Records excerpted from a collection:
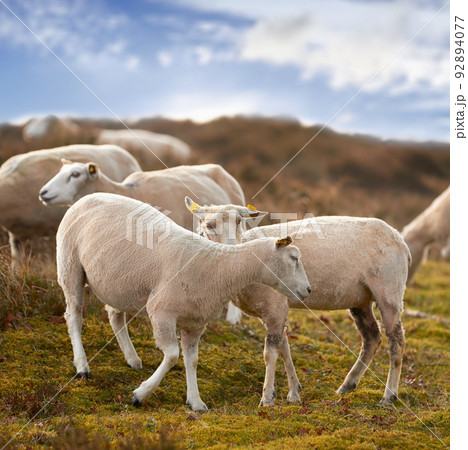 Flock of sheep in a meadow on lush farm land. Shaved sheered wooly sheep eating grass on a field. Wild livestock grazing in Rebild National Park, Denmark. Free range organic mutton 92894077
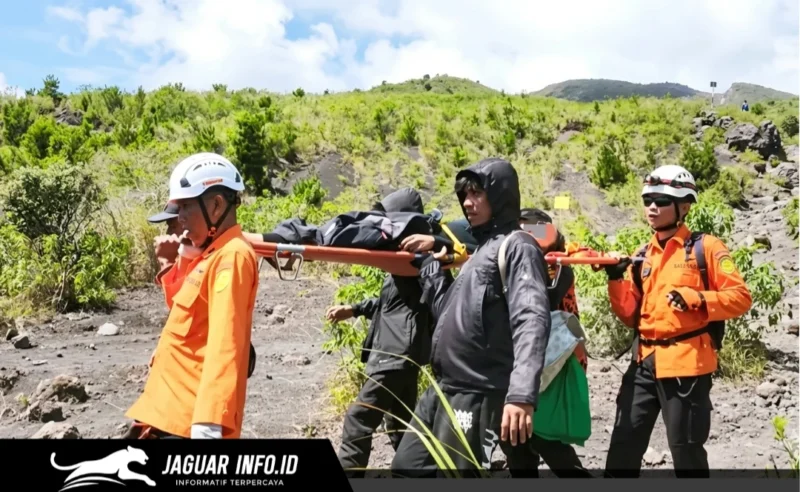Tim SAR Gabungan saat melakukan proses evakuasi dua pendaki yang mengalami cedera di Gunung Soputan pada 20/06/26.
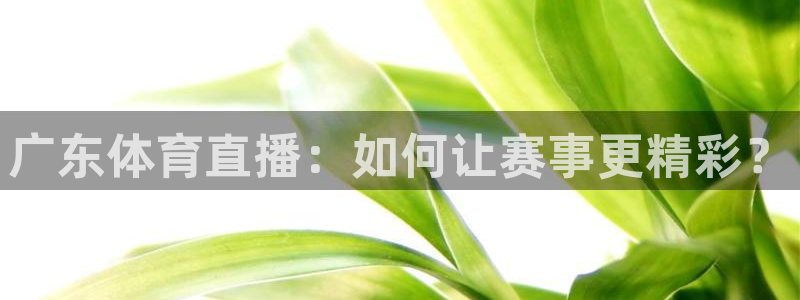广东体育直播：如何让赛事更精彩？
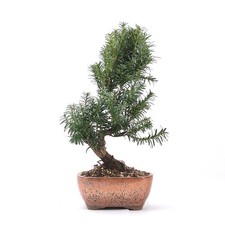 Bonsai eibe hybrid - bonsai,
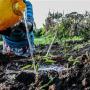 Agri Ecology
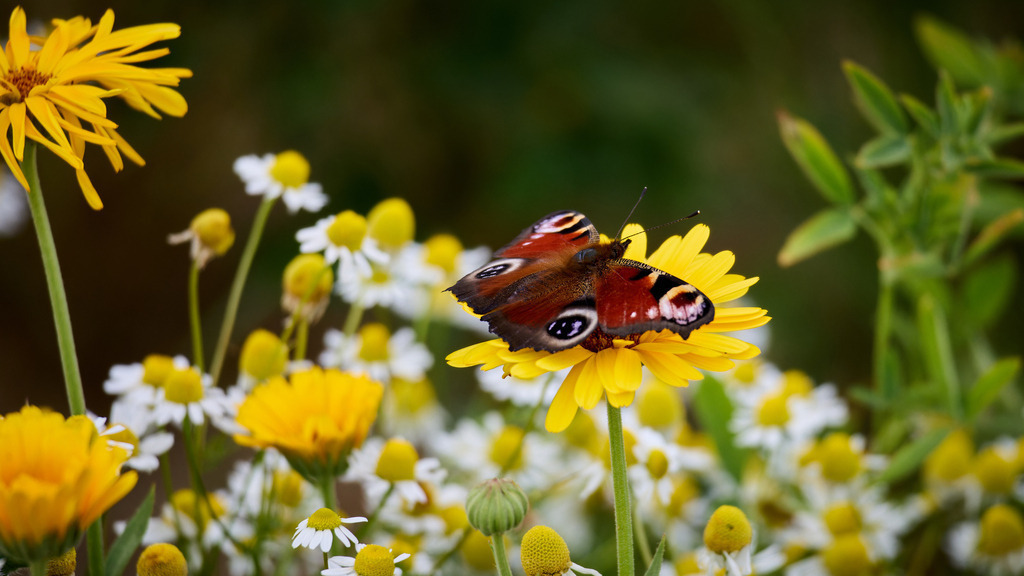 Tagpfauenauge I | kleinen-fotografie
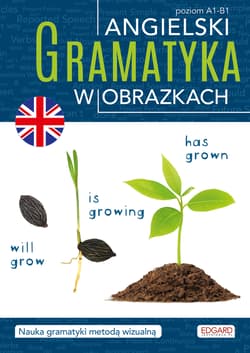 Angielski. Gramatyka w obrazkach - Opracowanie Zbiorowe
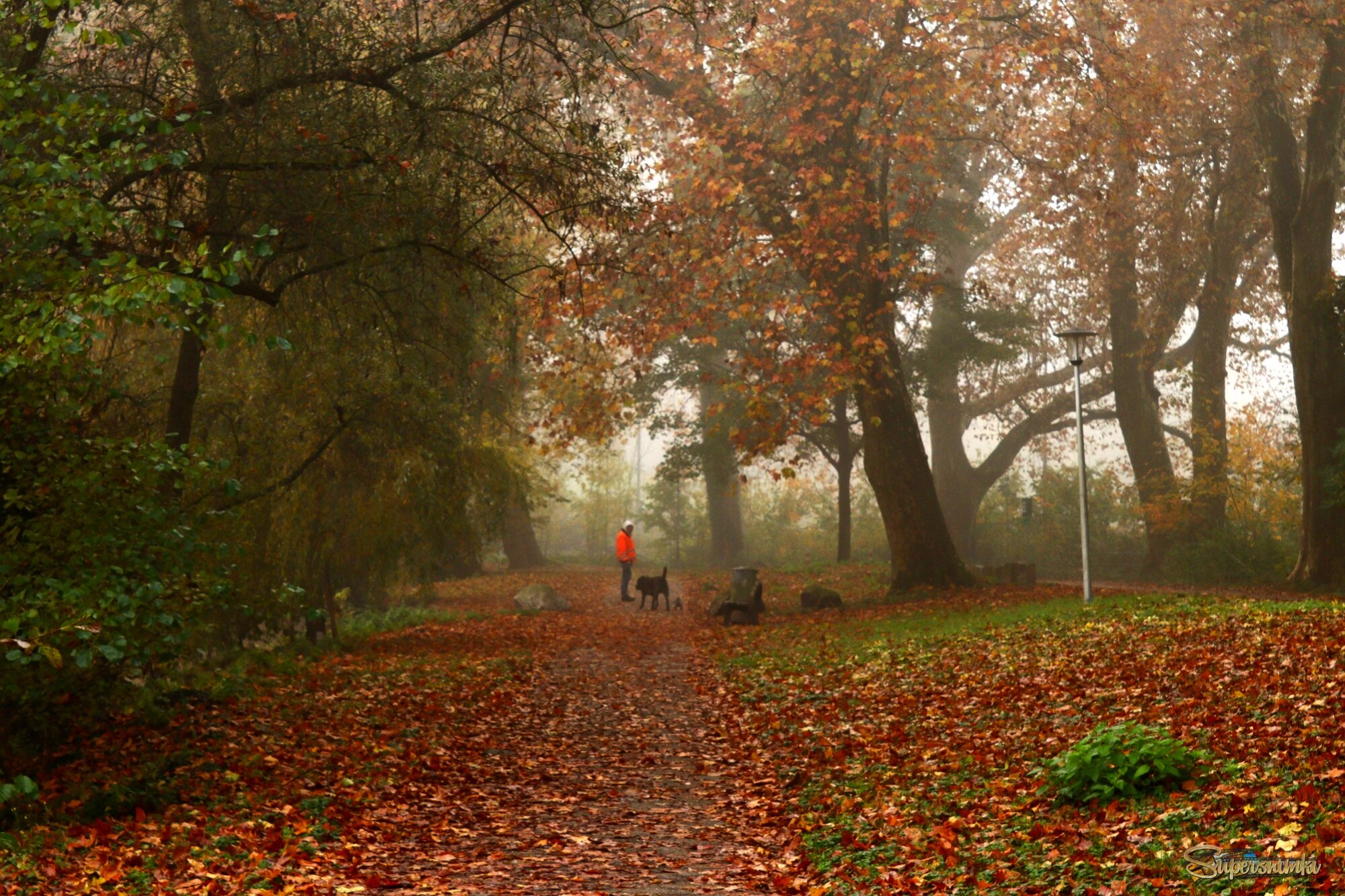 Осенние прогулки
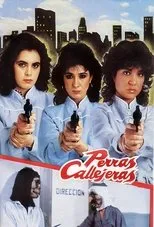 Póster de Perras callejeras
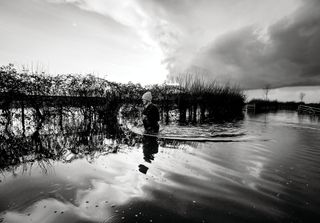 Somerset Moors and Levels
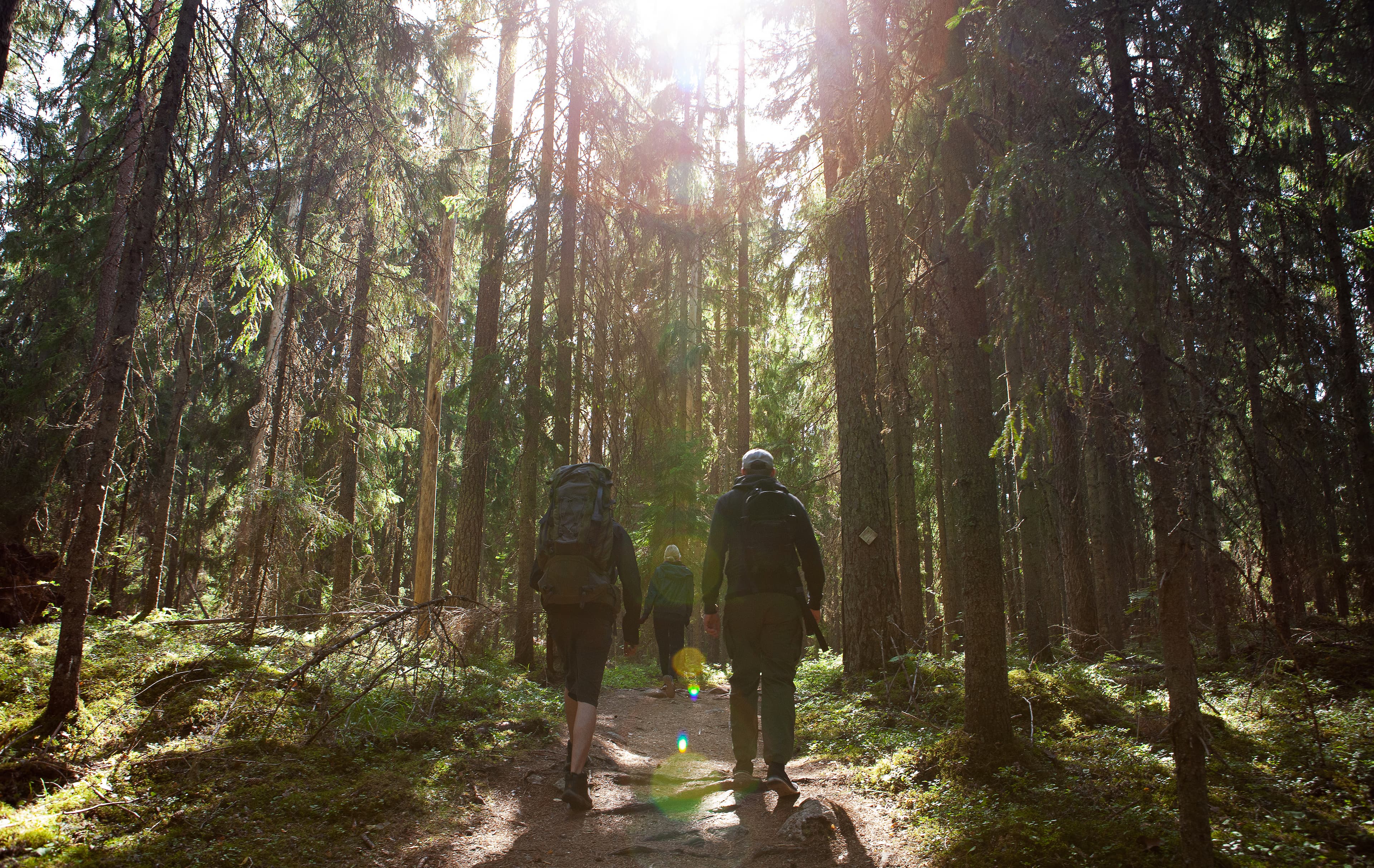 forest-national-park-in-finland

What you have to do: In the copy, include exactly the lines from the one with "Bonsai eibe hybrid" through the final line of the data, both ends included, and no pictures.

Solution to the problem:
 Bonsai eibe hybrid - bonsai,
 Agri Ecology
 Tagpfauenauge I | kleinen-fotografie
 Angielski. Gramatyka w obrazkach - Opracowanie Zbiorowe
 Осенние прогулки
 Póster de Perras callejeras
 Somerset Moors and Levels
 forest-national-park-in-finland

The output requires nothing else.